What are drawings useful for? Nonlinear thinking, sharing, flipping through, building up, visual shorthand, fun. Text is nicer for searching, linking, and dealing with stop-and-go thoughts.

W-‘s offered to let me use his iPad. Concepts and Procreate are both pretty cool, and I have a reasonable workflow for sending files back to my computer and getting them into my Org file. My X220 is still the fastest for quickly switching between text and drawing. I guess either will do.

Also, graphviz is pretty handy for quick diagrams, and it will probably be even more useful as I dig into it and other text-based diagram tools.
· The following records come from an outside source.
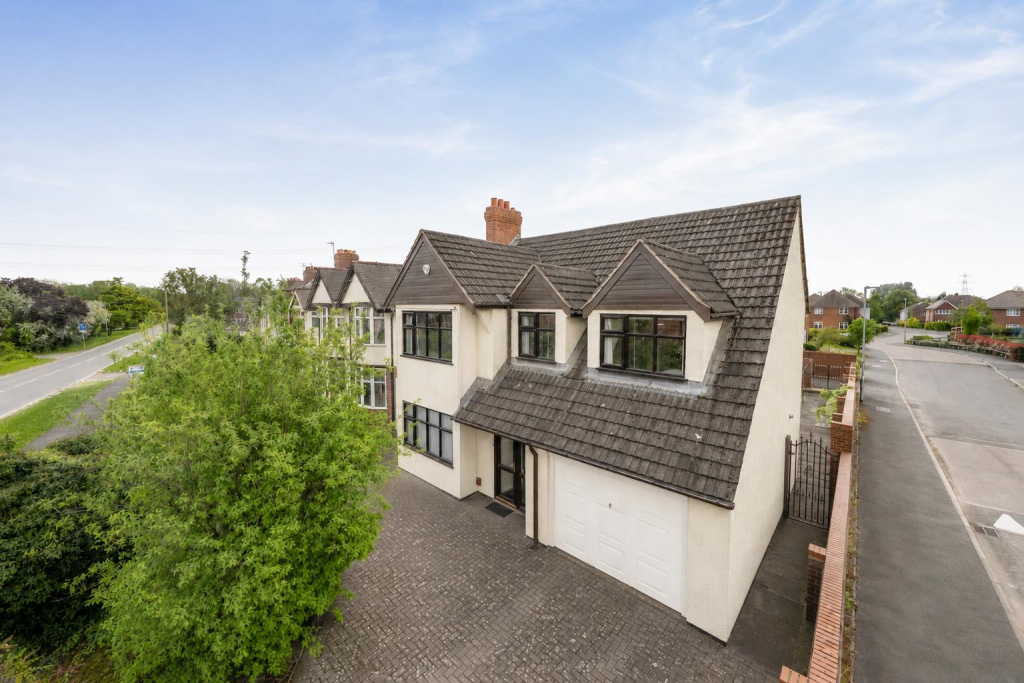 Main image of property: Lutterworth Road, Burbage, Hinckley, Leicestershire, LE10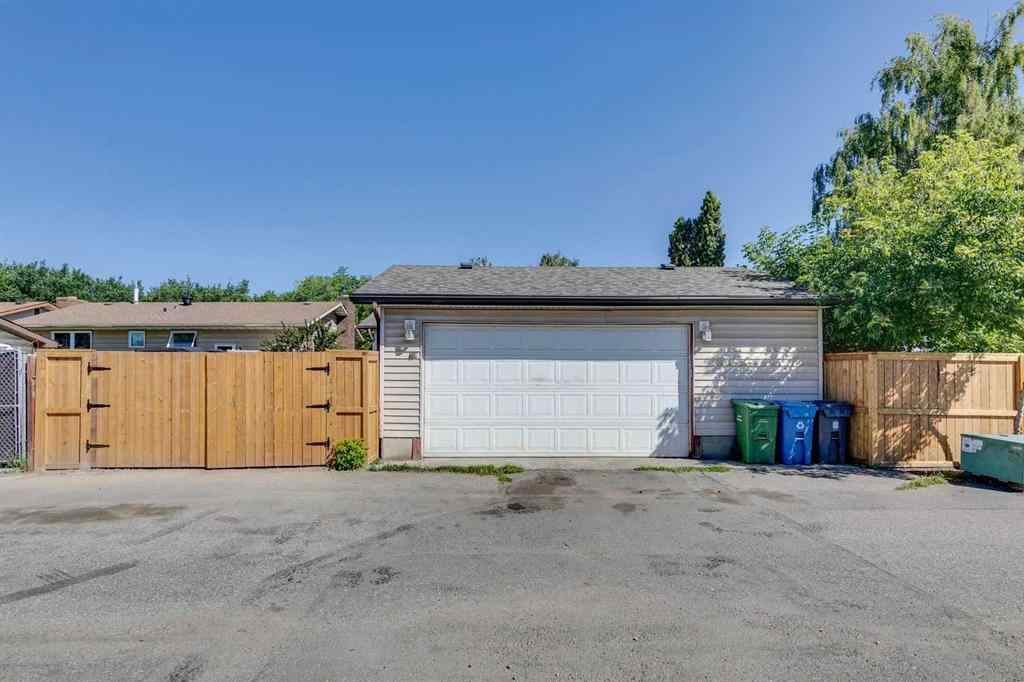 MLS® A2267622 - 2823 Dover Ridge Drive SE in Dover Calgary, Residential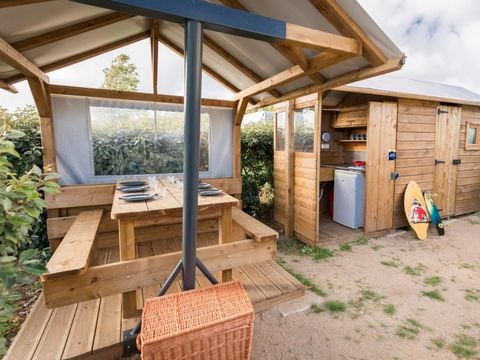 Emplacement - Forfait Premium : emplacement 10A équipé d'une freecamp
The diagram at the beginning of this post was generated with:

#+begin_src dot :file "sharing-path.png" :cmdline -Kdot -Tpng -Nfontname=sachacHand -Nfontsize=30
digraph {
  rankdir=LR;
  node [shape=box];
  "Planning" -> "Coding" -> "Writing" -> "Screenshots" -> "Drawings" -> "GIFs?" -> "Video" -> "Streaming";
  "Planning" -> "Reading" -> "Writing";
  "Planning" -> "Writing";
}
#+end_src

Animated GIFs, videos, and streaming may have to wait until I have more brainspace. Plenty to tweak even now!